Dataset content -
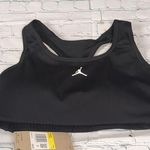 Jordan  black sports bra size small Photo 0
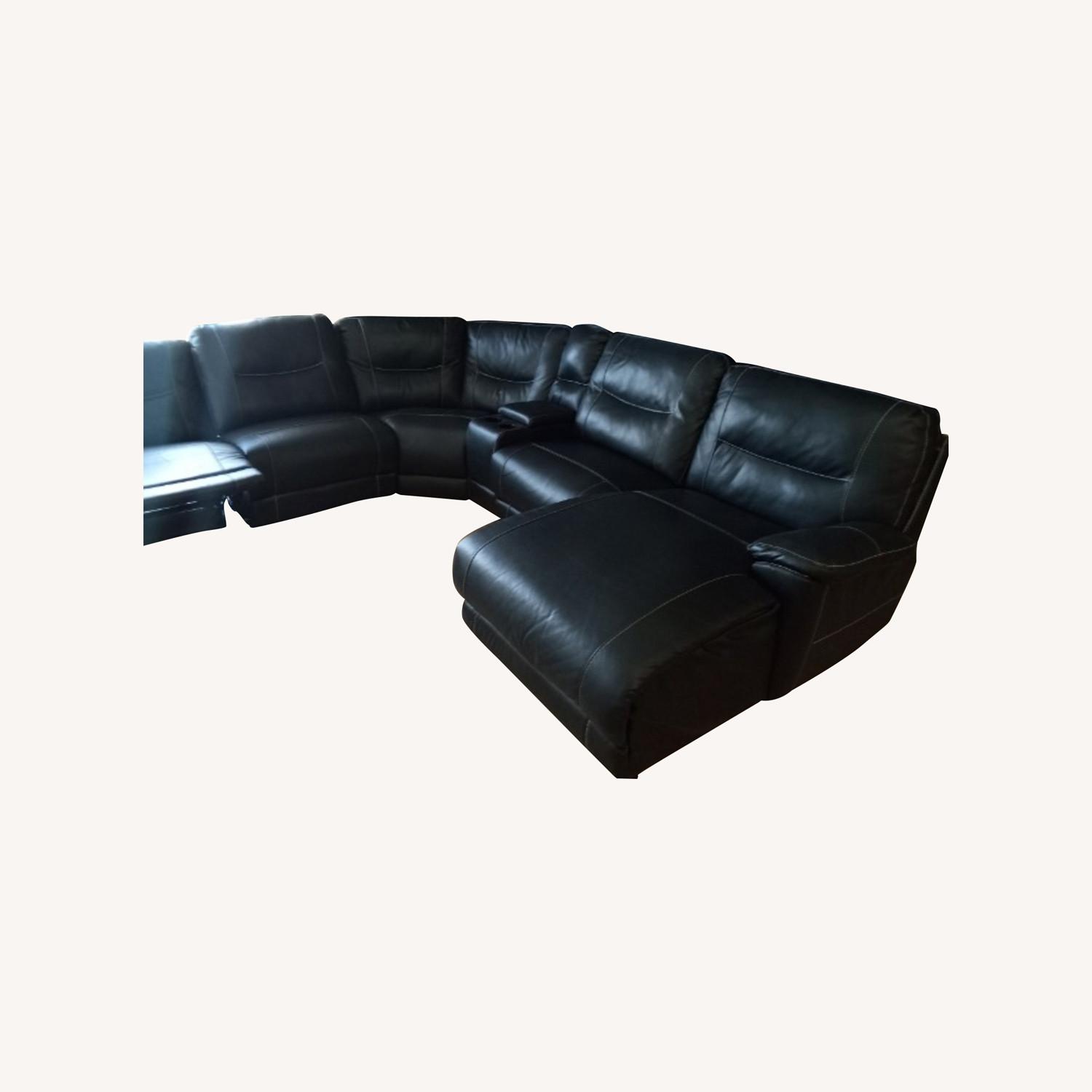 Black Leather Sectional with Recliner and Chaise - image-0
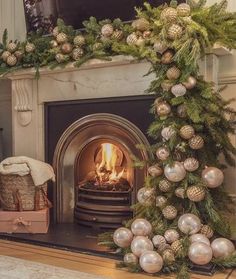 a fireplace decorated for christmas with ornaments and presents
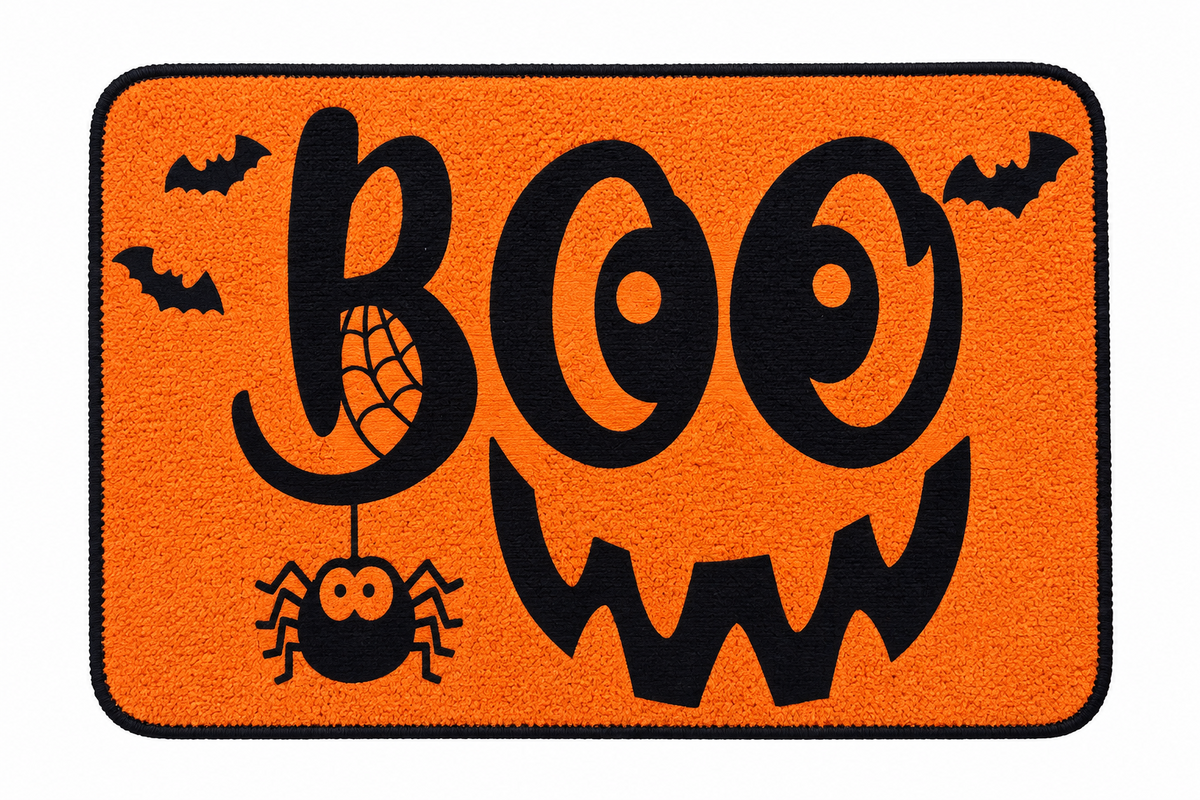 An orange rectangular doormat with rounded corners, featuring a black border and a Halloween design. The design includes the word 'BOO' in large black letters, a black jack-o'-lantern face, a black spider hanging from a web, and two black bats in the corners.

Prompt - Starting with the line that contains "a fireplace decorated", print every line through the end of the data exactly as written; omit all pictures and add nothing else.

Task result -
 a fireplace decorated for christmas with ornaments and presents
 An orange rectangular doormat with rounded corners, featuring a black border and a Halloween design. The design includes the word 'BOO' in large black letters, a black jack-o'-lantern face, a black spider hanging from a web, and two black bats in the corners.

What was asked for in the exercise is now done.